Image-caption web data:
########

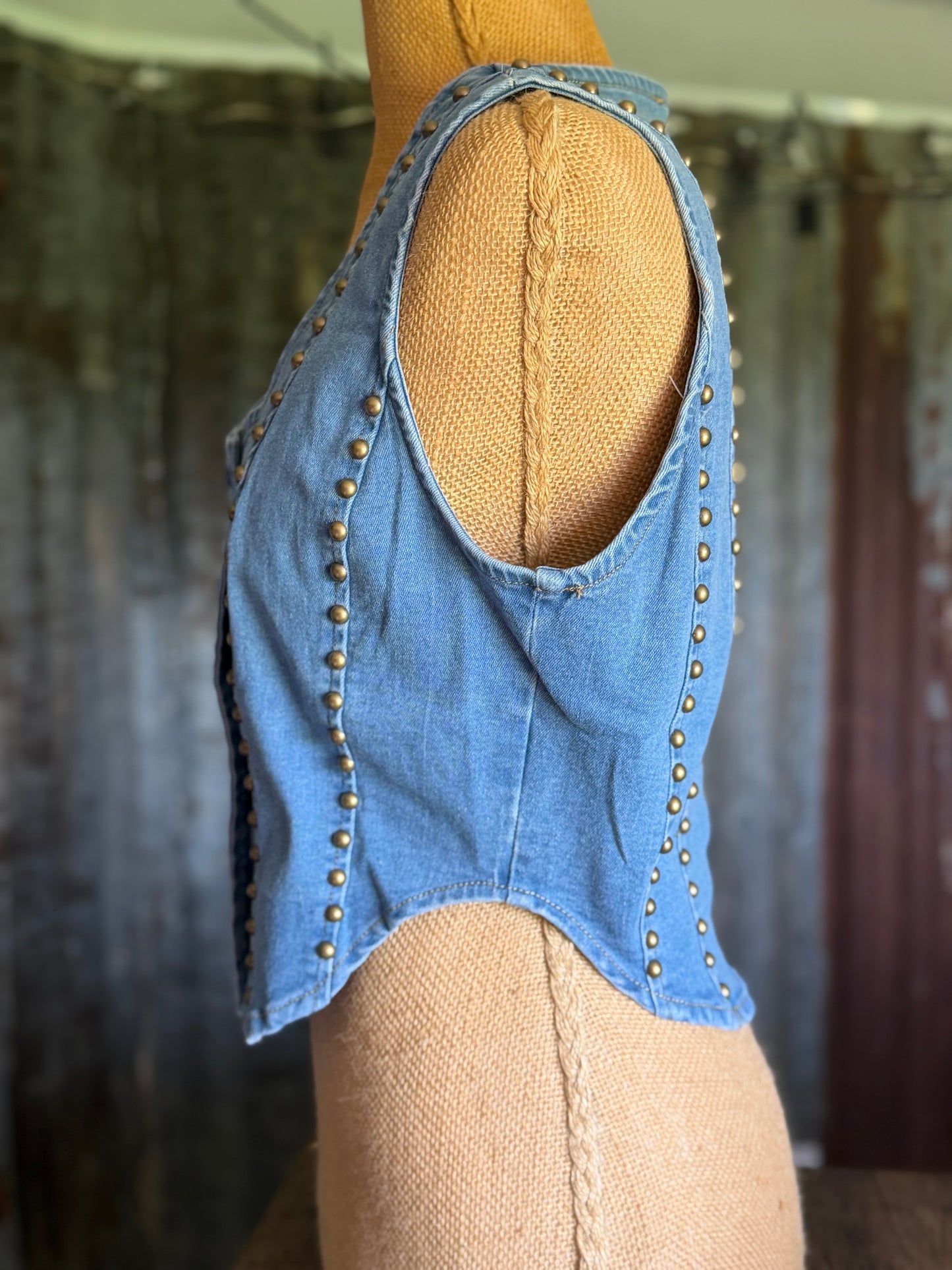 Studded Denim Vest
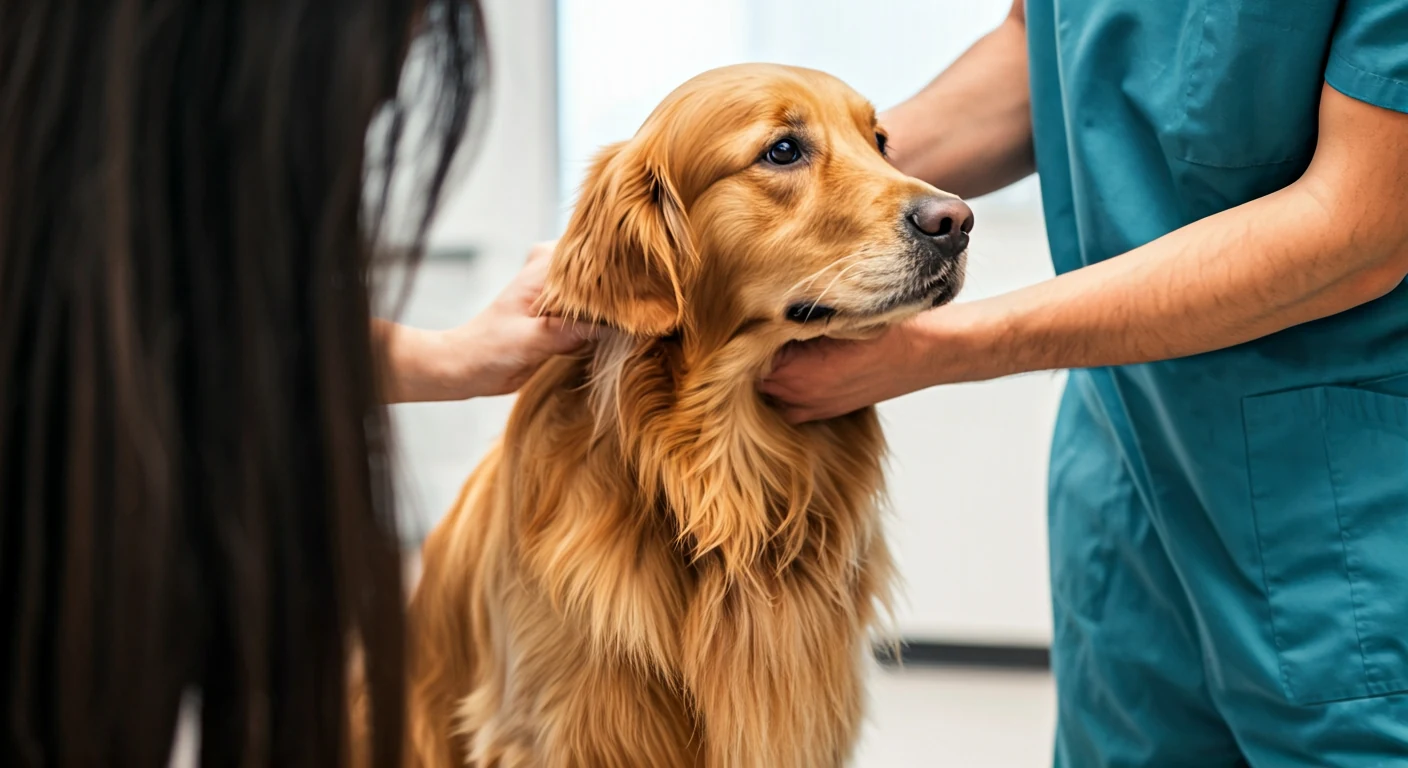 Golden Retriever receiving orthopedic elbow joint examination at veterinary clinic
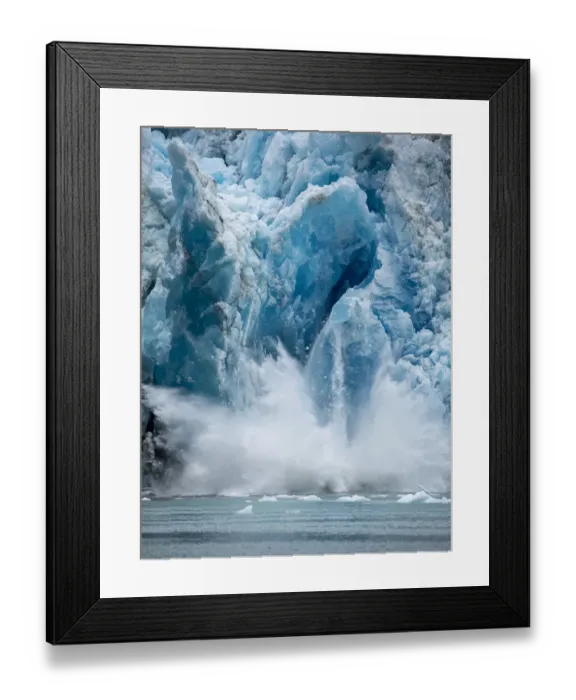 Framed Print : USA, Alaska, Tracy Arm-Fords Terror Wilderness, Massive iceberg calving from face of Framed Print : USA, Alaska, Tracy Arm-Fords Terror Wilderness, Massive iceberg calving from face of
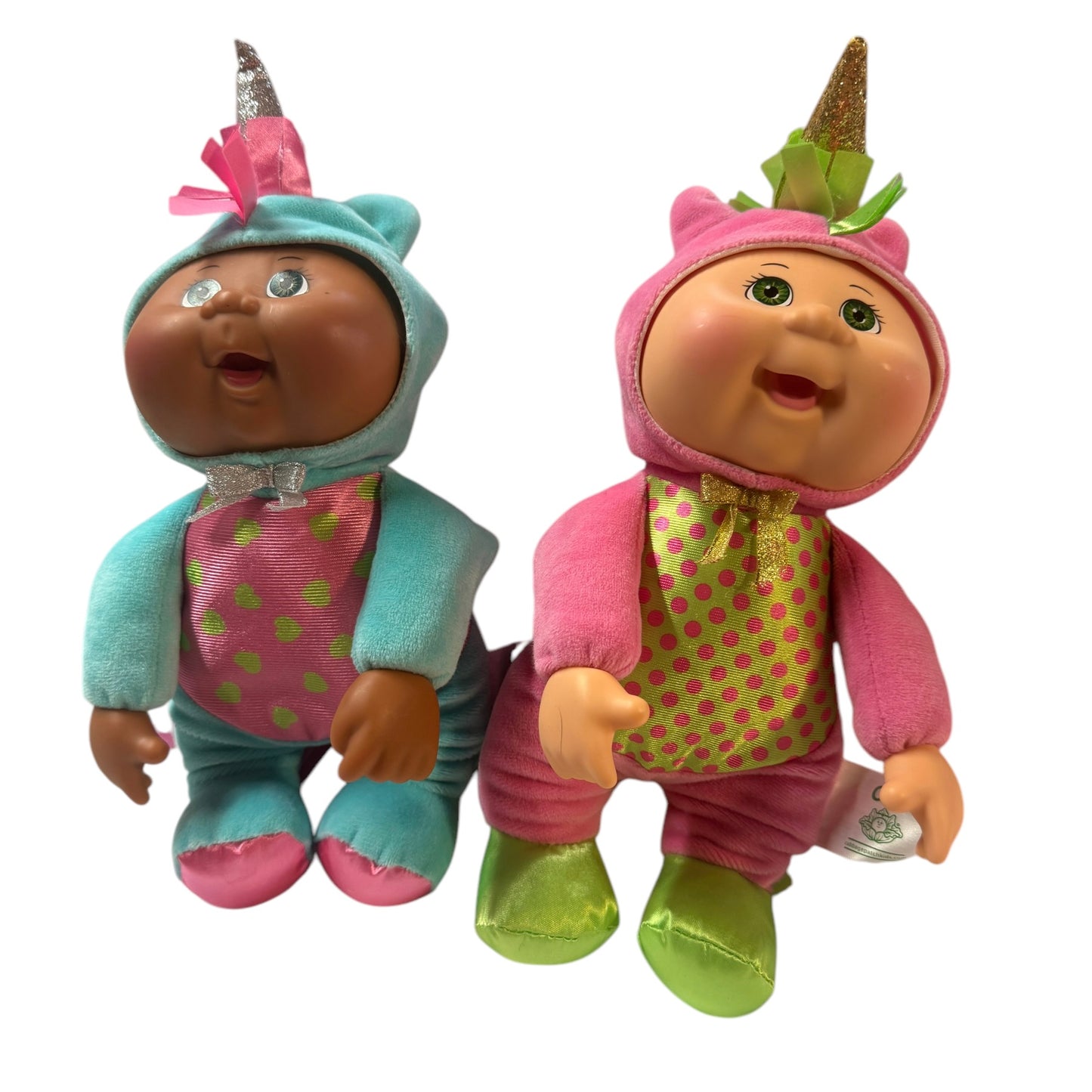 Cabbage Patch 10" Exotic Cuties Unicorn Pair, Signature Fragrance in Excellent Preowned Condition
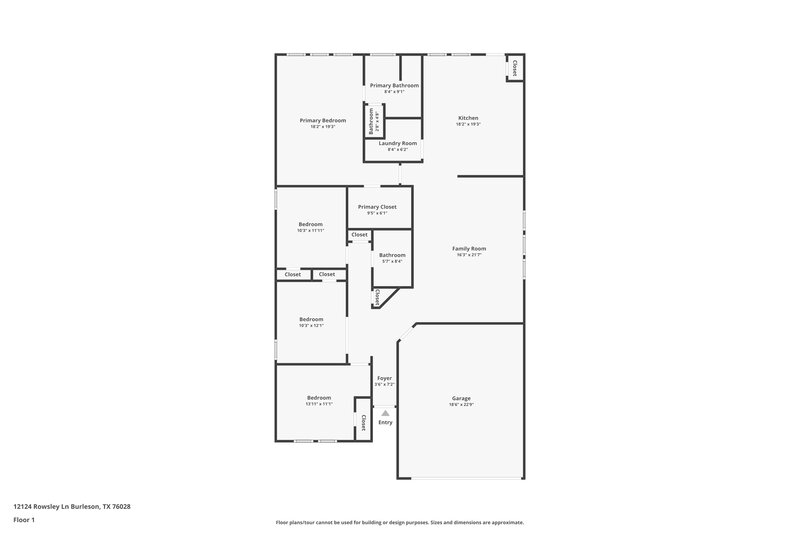 2,325/Mo, 12124 Rowsley Ln Burleson, TX 76028 Floor Plan View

########

▶ [Activity] From the line containing "Excellent Preowned Condition" down to the last line of the entries above, copy each line exactly and nothing more. Leave pictures out.

▶ [Expected output]
 Cabbage Patch 10" Exotic Cuties Unicorn Pair, Signature Fragrance in Excellent Preowned Condition
 2,325/Mo, 12124 Rowsley Ln Burleson, TX 76028 Floor Plan View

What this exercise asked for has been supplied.